Cameras were also developed for specific tasks. The Williamson G45, a 16mm cine camera, fitted into the wings of fighter planes and synchronised to the machine guns to confirm kills. Other cameras were used for ordinance accuracy and were made by all sides. A post-war example of this type of camera is the Russian S13, which was in service from the late 1940s right up to the 1990s.
As the crews of German Stuka dive bombers blacked out frequently after a bombing dive, an automatic camera was used to record the accuracy and effectiveness of the bomb. Robot modified one of their Model II cameras to take 10m of film and added a large spring motor. It’s thought that only two batches of approx 100 ‘Robot 375’ cameras were made, and very few survived the conflict. It’s reported that the Leica 250 Reporter Motor was also used for this task.
Military requirement meant that the development of many remarkable cameras continued after WWII, including lenses and films for special applications during the Cold War and beyond. This continued until satellites and digital imaging took over.
BERNING ROBOT 375 AERIAL CAMERA
Although documentary evidence is scarce, the Berning Robot 375 aerial camera is one of probably only 200 units manufactured in the early part of WWII. Based on the Robot II camera, it has increased 10m film capacity and long run motor. This aerial camera was made to record the bomb strike of a Junkers Ju88 Stuka dive bomber. As an alternative, a motorised Leica 250 was used. However, those now sell for stratospheric prices. Sadly, most Berning Robot 375 aerial cameras were lost in combat and it’s thought that only about a dozen examples remain. This example is numbered D47008, indicating it is the 8th produced in the first batch.
FRITZ VOLK HANDKAMMER
A WWII German handheld large format aerial camera in the original wooden case. The Fritz Volk Handkammer is the camera though to have been given to Victor Hasselblad by the Swedish Government who asked him to make a copy of. The Hasselblad HK7 bears a resemblance to the Fritz Volk.

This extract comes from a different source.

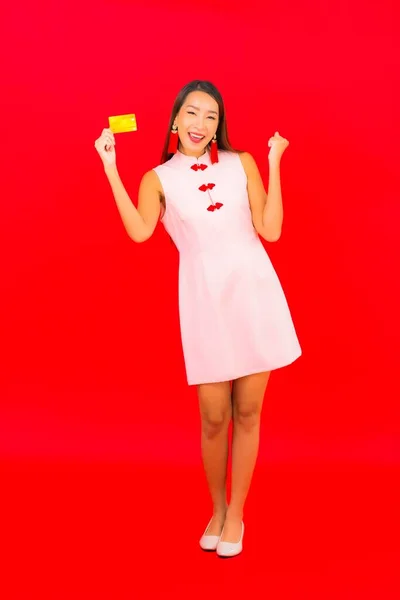 Retrato Hermosa Joven Asiática Mujer Con Tarjeta Crédito Rojo Aislado —  Fotos de Stock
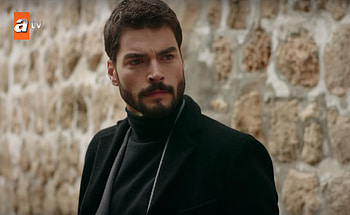 Akin Akinozu , Ethan Anderson's post, Aesthetic visuals, Modish look HD wallpaper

It used 80mm perforated film, with frame counter going up to 35. Fitted as standard is the Schneider 12.5cm F2 Xenon lens.
KOMZ C-13 RUSSIAN AERIAL GUN CAMERA
KOMZ (Kazan Optical-Mechanical Factory) made most of the Soviet military aircraft cameras, initially introduced in the late 1940s and still built into the 2000s. This included a scarce Russian military cine camera, variations of which can be seen over such a long production period. For example, some designated ‘S-13’ and a few had an additional port for a clock image to be recorded via a prism system. Earlier models had a textured crackle finish. However, this KOMZ Russian Aerial Gun Camera was a later one with smooth enamel type paint.

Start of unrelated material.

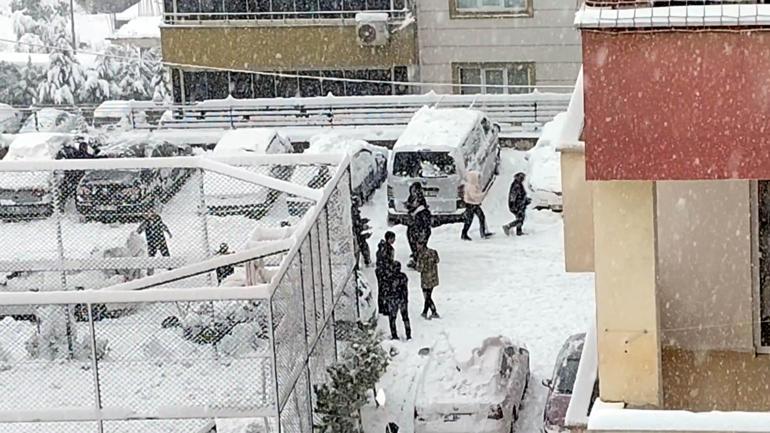 Kar yağışını, müzik eşliğinde oynayarak kutladılar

The camera has interchangeable film magazines which accepts 5.2m of 35mm film. Reports suggest that a 1000ASA B+W emulsion was used, with crosshairs engraved into the glass in front of the pressure plate to give reference points. It’s powered by a 27 volt supply from the aircraft. The connecting lead has a manual release switch which and it’s thought that this was connected to the firing button.

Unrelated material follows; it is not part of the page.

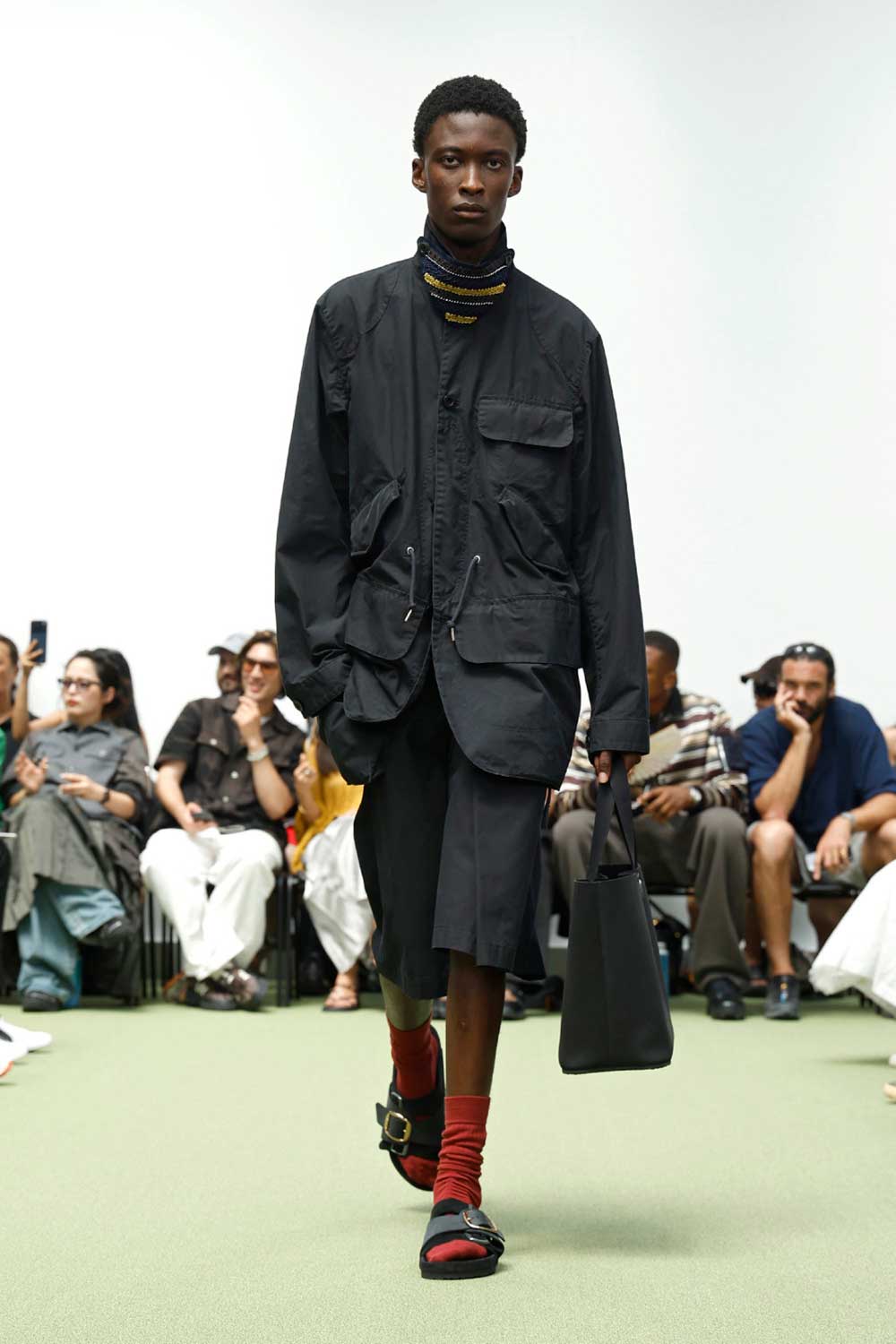 Sacai fusiona y reconstruye los iconos de Birkenstock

A range of lenses were made for the camera. This example includes a 100mm F6.3 FEL-100 with aperture values. Though, most others have ‘Clear-Cloudy-Overcast’ engraved in Cyrillic or occasionally Czech. The main use of the camera was to record the accuracy of machine gun fire for training and target recording. Typically, they were mounted behind a small port above the air intake on Mig-15’s and later models. The FS-2 300mm F4.5 lens is also in this kit, though this wasn’t common. This would have been mounted in a pod to track missiles from Hind attack helicopters. A rare opportunity to acquire a fascinating piece of military history from the cold war period.